One of the issues posed by storing sensitive information in the cloud is that the cloud provider, and by extension, other 3rd parties (hackers, governments) have access to that data. To work around this, we need to encrypt the data before it’s sent to the cloud provider. Tools like TrueCrypt / VeraCrypt are great for encrypting entire volumes but aren’t meant for this use case. If you stored a TrueCrypt volume in the cloud, a minor change on a small file would cause a full sync to occur. We need a better solution. Enter EncFS.
EncFS is available for Linux here: http://www.arg0.net/encfs. There was a Windows version called Encfs4win (http://members.ferrara.linux.it/freddy77/encfs.html ) but hasn’t been updated. A new revival of that project exists that we’ll cover in this blog and use to encrypt files.
I’m using Windows 10 and Dropbox but this will work on Windows 7 and any other file share/sync provider such as OneDrive and Google Drive.
Our objective is to have a place to store files in a cloud service which has zero knowledge of the content we’re storing. Before we start, there are some alternatives:
Spideroak starts at $5 and has Enterprise products.
boxcryptor is (or was) based on encfs and has a free version.
There are also several blockchain-based file storage providers. I use Storj personally and might blog about these in another post.

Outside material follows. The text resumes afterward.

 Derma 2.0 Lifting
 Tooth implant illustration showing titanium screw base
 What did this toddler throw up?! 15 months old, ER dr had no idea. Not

While those alternatives are appealing, especially boxcryptor, the free version is limited and for what I’m using, the paid versions aren’t that valuable. So, how can we do this for free?
Let’s go back to the Windows port created by Charles Munson, a.k.a jetwhiz.
- Download the files, encfs-installer.exe and the hashes.asc from github: https://github.com/jetwhiz/encfs4win/releases
- (optional) Verify hash (you can download QuickHash if you need a verification tool). Note, since this is a privacy focused blog post it would make sense to verify the hash to ensure the file that was downloaded hasn’t been modified in-transit or by some other program on your computer (malware/virus/etc.)
- Run the installer, keep all the defaults and it should be done within 2 minutes. Once completed, the binaries will be located in C:\Program Files (x86)\encfs.
First, we need to create an encrypted folder.
- Run C:\Program Files (x86)\encfs\encfsw.exe, this is the graphical interface. Nothing will pop-up, but you’ll see they “key” icon in your taskbar.
- We’re going to use the Open/Create option.
Select a folder. In this example, I created a folder in my Dropbox called “encfs.” Specify the other options and press OK:
- After pressing OK, you should see another login prompt because encfsw is automatically mounting the new folder. Explorer should open the drive letter.
Drag some files in there!
Let’s see what the cloud provider (Dropbox in my case) sees:
- That’s it. Now we can install encfs (on Linux or Windows) to access these files anytime.
Some of the best practices for using encfs are:
- Don’t put anything else in your encrypted folder. There should be the .xml file plus 1 encrypted file for each file you uploaded.
- When mounting the encrypted folder in Windows, use a drive letter versus a folder. The GUI enforces this but the command-line may not.
If you need mobile access, boxcrypter might be worth a look. I didn’t need that and the free version limited me to two devices which didn’t suffice. I’m also just storing sensitive information (like my ninjacat picture) in the encrypted folder. I can use the native Dropbox app to access my other folders that have non-sensitive information.